É um tálamo fecundo para quem é temerário.
«Não posso portanto permitir
que alguém, de quem não considera este clarão
diáfano necessário à compreensão,
queira incutir no espírito humano
a ideia de uma essencialidade colectiva
desenraizada daquele fundo com que cada um
se torna essencialmente em ocasiões únicas
o ordenador de rosas registadas por sinais.»
Nem todos sabem ler os clarões que diviso diáfanos, quem sabe os vejam velados, toldados pela razão dos dias, sem a razão dos séculos entretanto guardada nos fundos da memória. Espanto-me frequentemente com o caminhar do sol, com a volta da lua, com o céu carregado, que num repente se rasga em luz, destapa em água e sorri num – quantas vezes dois! – arco-íris.
Nem sempre soube ler os sinais; continuo a procurar a mestria.
Sei que eles ocorrem no tempo certo.
Como as rosas sempre florescem.
2 comentários:
Mesmo que não saibamos ler os sinais eles ocorrem... e os sinais creio não se aprendem a ler leem-se simplesmente ou não... mas tudo muda... nada é imutável, um dia não sabemos ler os sinais no outro eles são-nos claros.

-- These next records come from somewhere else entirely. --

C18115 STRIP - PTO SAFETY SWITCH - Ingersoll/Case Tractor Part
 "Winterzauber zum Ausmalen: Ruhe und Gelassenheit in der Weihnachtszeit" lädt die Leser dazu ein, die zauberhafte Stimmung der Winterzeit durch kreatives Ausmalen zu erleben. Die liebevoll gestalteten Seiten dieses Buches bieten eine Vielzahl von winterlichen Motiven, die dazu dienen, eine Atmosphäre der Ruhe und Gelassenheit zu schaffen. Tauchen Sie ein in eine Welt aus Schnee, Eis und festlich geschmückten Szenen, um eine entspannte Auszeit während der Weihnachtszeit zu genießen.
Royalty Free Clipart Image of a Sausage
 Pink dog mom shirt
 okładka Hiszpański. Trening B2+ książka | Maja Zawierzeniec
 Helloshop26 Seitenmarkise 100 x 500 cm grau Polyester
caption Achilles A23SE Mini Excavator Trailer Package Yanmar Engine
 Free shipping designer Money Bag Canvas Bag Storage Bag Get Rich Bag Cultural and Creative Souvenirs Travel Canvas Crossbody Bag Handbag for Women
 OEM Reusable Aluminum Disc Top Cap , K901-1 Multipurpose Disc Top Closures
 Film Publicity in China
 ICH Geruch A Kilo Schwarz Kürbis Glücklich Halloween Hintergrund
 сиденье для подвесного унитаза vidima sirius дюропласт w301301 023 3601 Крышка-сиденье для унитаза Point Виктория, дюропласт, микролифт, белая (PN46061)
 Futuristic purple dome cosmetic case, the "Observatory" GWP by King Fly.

Tu sabes ler e sabes deixar sinais, sabes deixa-los espalhados pela tua escrita e eu adoro apanhá-los com os olhos da alma.
Um abraço.
Isabel
os sinais estão sempre presentes...é tudo uma questão de maior ou de menor atenção, de onde resultam sempre consequências que nos irão afectar no decurso da nossa vida.